First off, what do I mean by an anonymous function? Here's an example:
var a = ["Dave", "Maria", "Joe"];
a.sort(function(a, b) {
return a.length - b.length;
});
You'll recall that the Array#sort function optionally accepts a function to call to compare two entries. The function I gave it above is anonymous -- it has no name. In contrast:
var a = ["Dave", "Maria", "Joe"];
a.sort(compareByLength);
function compareByLength(a, b) {
return a.length - b.length;
}
Here, the function has a name.

But why would I want to use a named function in such a trivial example? I mean, we all know what it does, and I'm only going to use it once, so why not just define it inline as in the first example and leave it at that?

My main reason is that by giving the function a name, you help your tools help you. (I'd also dispute the "I'll only use it once" argument, but that's neither here nor there — as we'll see, you can reuse anonymous functions, and people frequently do.)

Granted the above is a trivial example, but you see anonymous functions in seriously non-trivial situations. For instance, you frequently see code like this (even this is a trivial example, but it's indicative of the larger structures people create, like the one currently used as an illustration on the main Wikipedia JavaScript article):
function Person(fname, lname) {
this.firstName = fname;
this.lastName = lname;
}
Person.prototype = {
getFullName: function() {
return this.firstName + " " + this.lastName;
},
toString: function() {
return this.getFullName();
}
};
var p = new Person("John", "Doe");
var s = p.toString();
We're creating a constructor named Person and then assigning two anonymous functions to its prototype.

"Huh?" I hear you say, "Those aren't anonymous, they have names — getFullName and toString."

Actually, they don't. (2015 update: They do now! The engine assigns the name based on the property the "anonymous" function expression is being assigned to. Much of the following is therefore outdated.) They're bound to properties with names, but the functions themselves don't have names. Don't believe me? Paste that code into your favorite JavaScript environment with a debugger, put a breakpoint on the return statement inside the function bound to the getFullName property (and isn't that a mouthful), and run until you hit the breakpoint.

What function does your debugger say you're in?

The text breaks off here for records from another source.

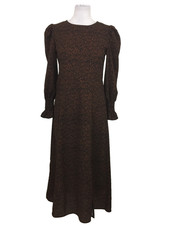 Mango Women's Midi Dress Size M Brown Mix Spots Print Slit Stretch Button New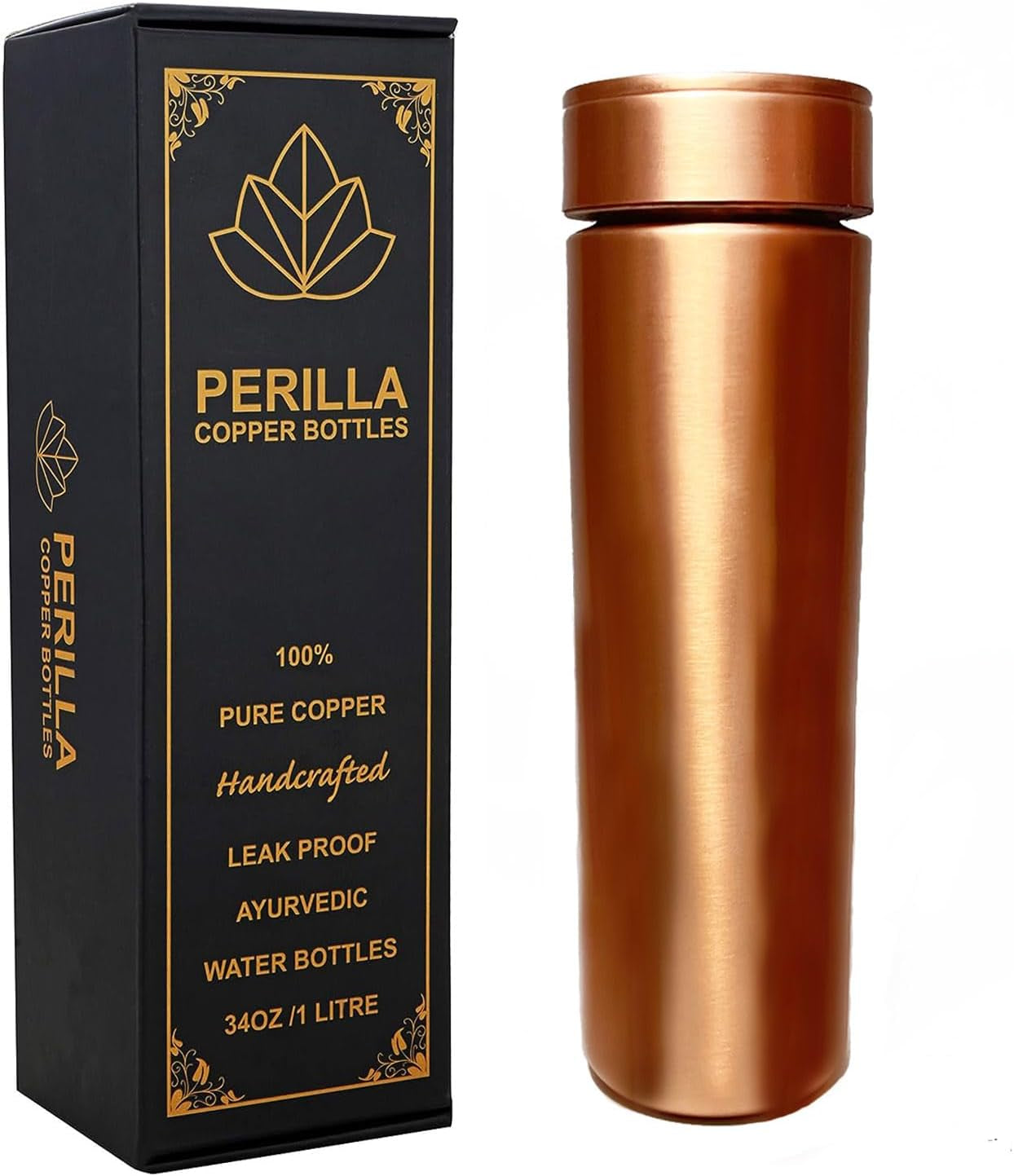 Pure Copper Water Bottle 34 Oz Leak Proof 100% Pure - Ayurvedic Copper Vessel - Drink More Water and Enjoy the Health Benefits Immediately - for Gym, Yoga Bottle (Diamond 2)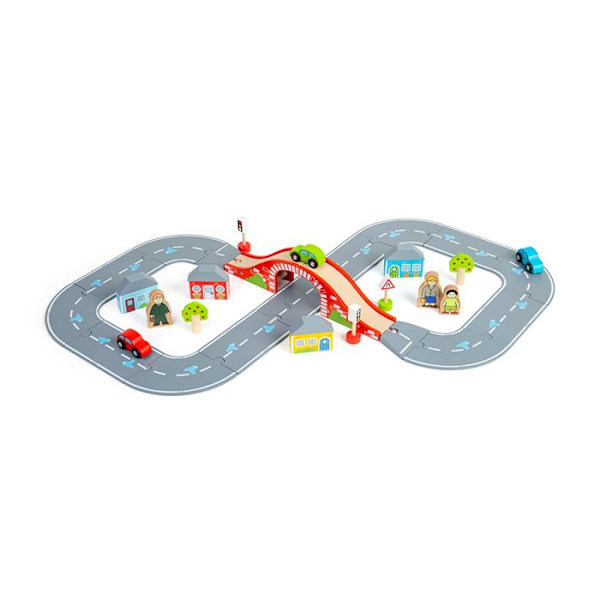 Bigjigs Rail Puinen Figuriini Kahdeksan Reittisarja, Puujunarata - 36 kappaletta, 3-vuotiaille ja sitä vanhemmille lapsille Flerfarvet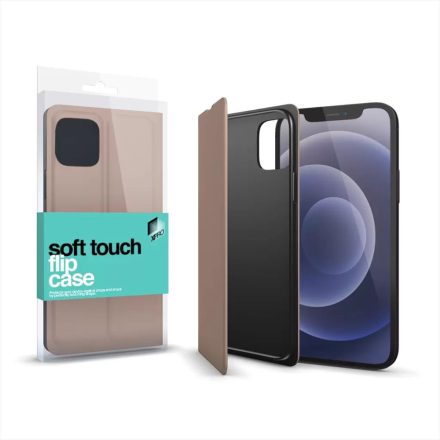 Xpro Soft Touch Flip Case Samsung A22 5G készülékhez, rosegold (124965)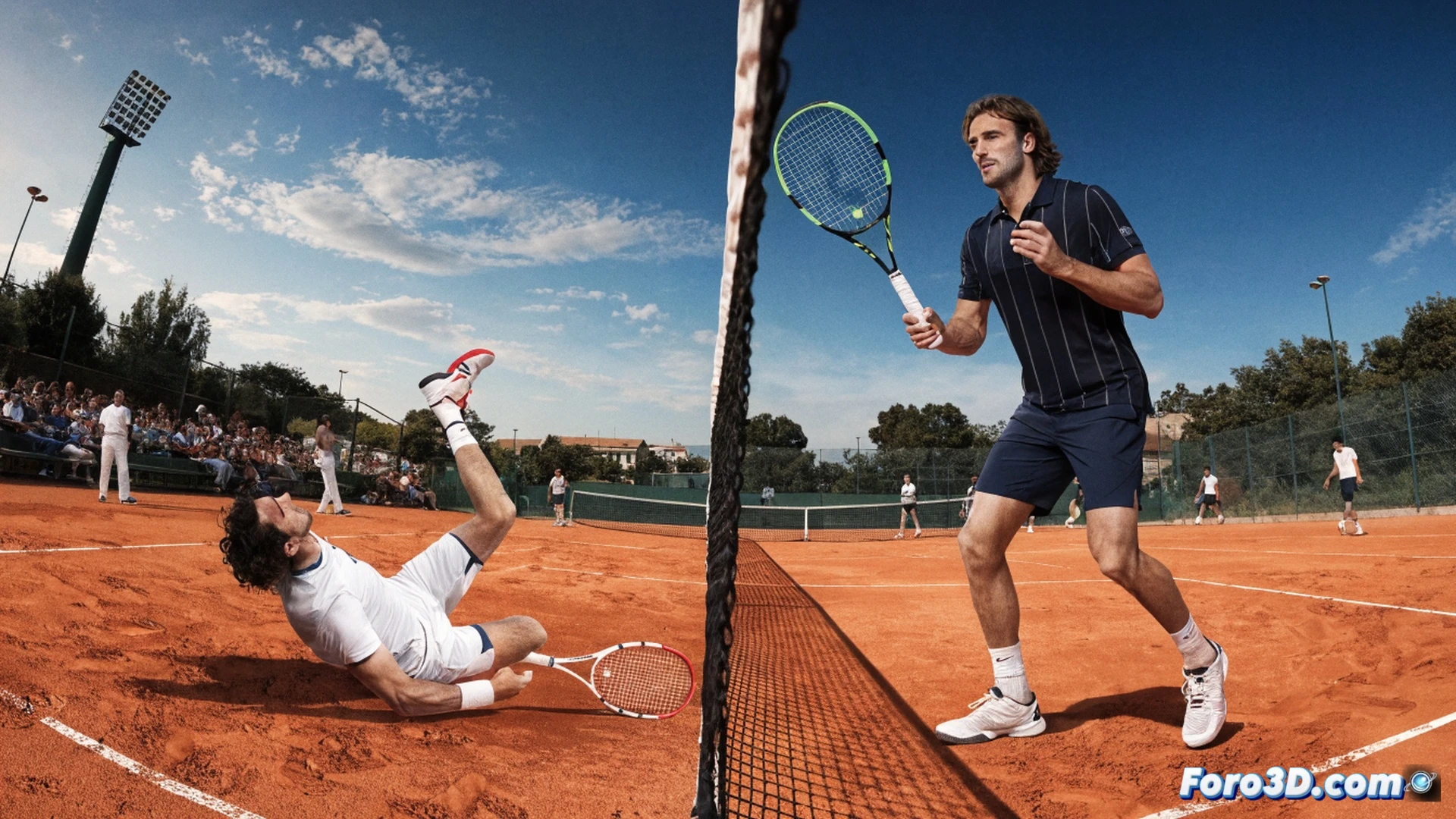 tennis court scene during a dramatic upset moment, Stefanos Tsitsipas hitting a backhand volley while off-balance, Ignacio Buse diving forward for a low return on clay, bright Mallorca sunlight casting sharp shadows on red clay, ball trajectory showing topspin rotation, crowd in blurred background reacting, photorealistic cinematic sports visualization, high-speed shutter effect freezing action, sweat droplets visible, net tension cables in sharp focus, dramatic contrast between players expressions, ultra-detailed court texture, dynamic composition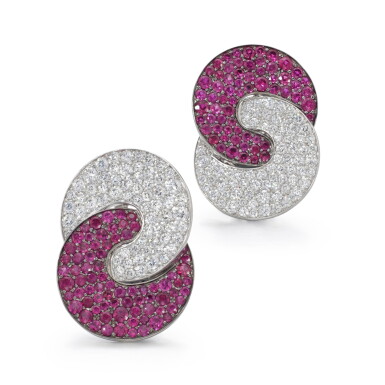 View full screen - View 1 of Lot 1143. Pair of ruby and diamond earrings.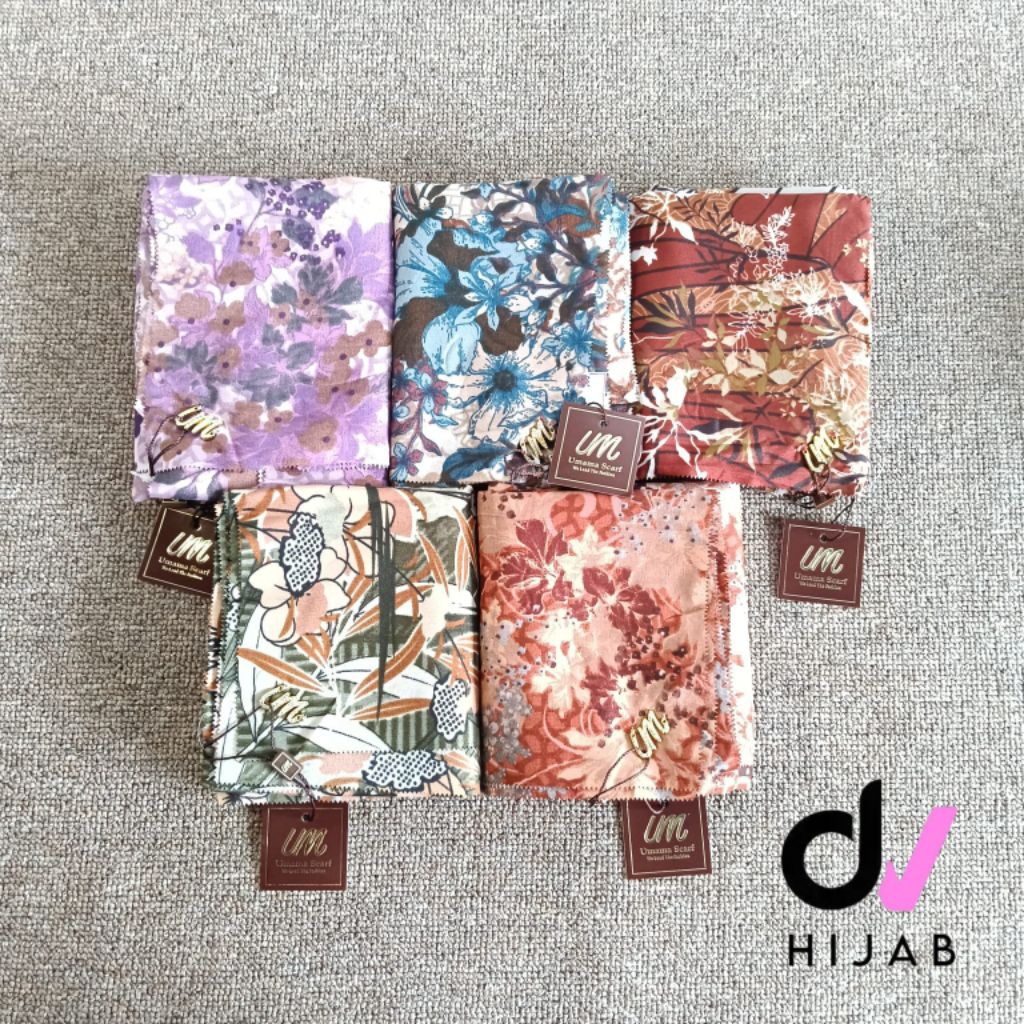 3Pcs Jilbab Segiempat Motif/Hijab Motif Segiempat/Motif Elegan/Umama Motif/Motif Cantik/Segiempat Mo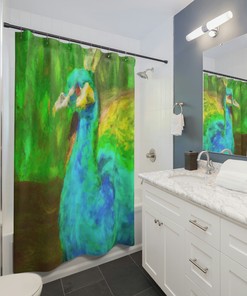 Designer Vintage Peacock Painting Shower Curtain - Luxury Bathroom Decor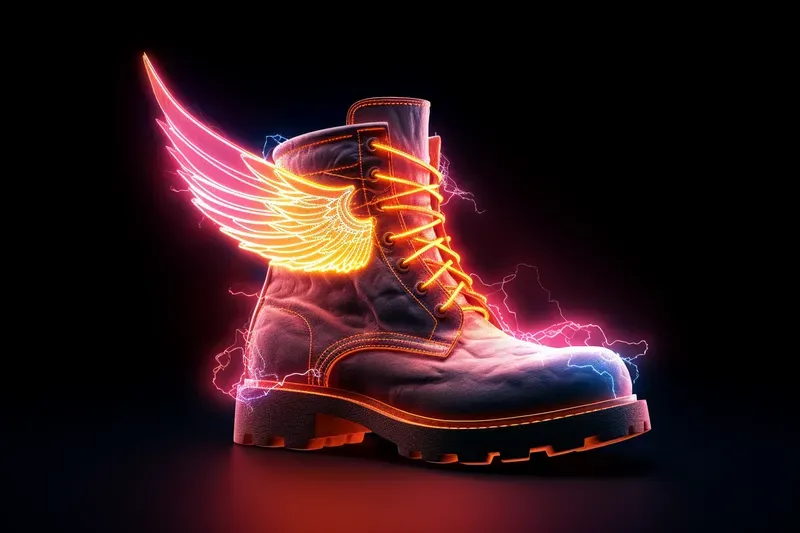 Glowing Shoes With Wings Art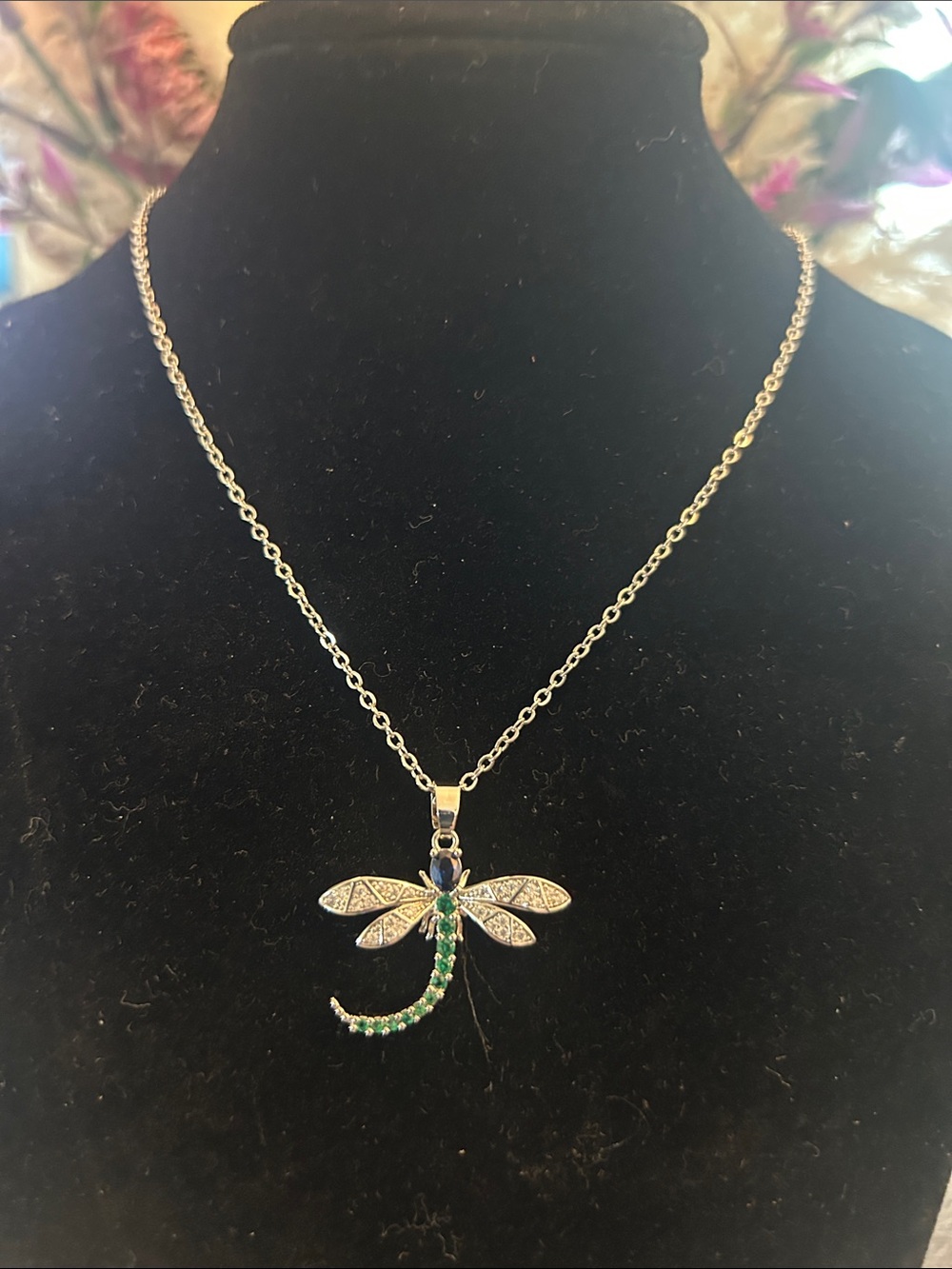 Silver Dragonfly Pendant Necklace with Green Accents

What does the call stack look like?

That's right, if it's like most debuggers, it says you're in a function called (?) (an anonymous function) called from a function (?) (another anonymous function). How helpful. Stupid debugger.

Except it isn't the debugger's fault. It's not that the debugger is too stupid to see what the function's name is, it that it doesn't have one. Suppose I change that code to this:
function Person(fname, lname) {
this.firstName = fname;
this.lastName = lname;
}
Person.prototype = {
getFullName: function() {
return this.firstName + " " + this.lastName;
},
toString: function() {
return this.getFullName();
}
};
Person.prototype.foo = Person.prototype.toString;
var p = new Person("John", "Doe");
var s = p.foo();
Using your same breakpoint, run it again. Again the debugger tells you you're in function (?) called from function (?). So should it be saying that the outer function's name is foo? Or toString? If you said foo, let me ask the question a different way. Let's add this to the end:
function bar(context, func) {
var a;
a = [];
a[42] = func;
return a[7 * 6].call(context);
}
var s2 = bar(p, p.foo);
So now, what's the function's name? a[7 * 6]? a[42]? func? foo? toString? All of them? None?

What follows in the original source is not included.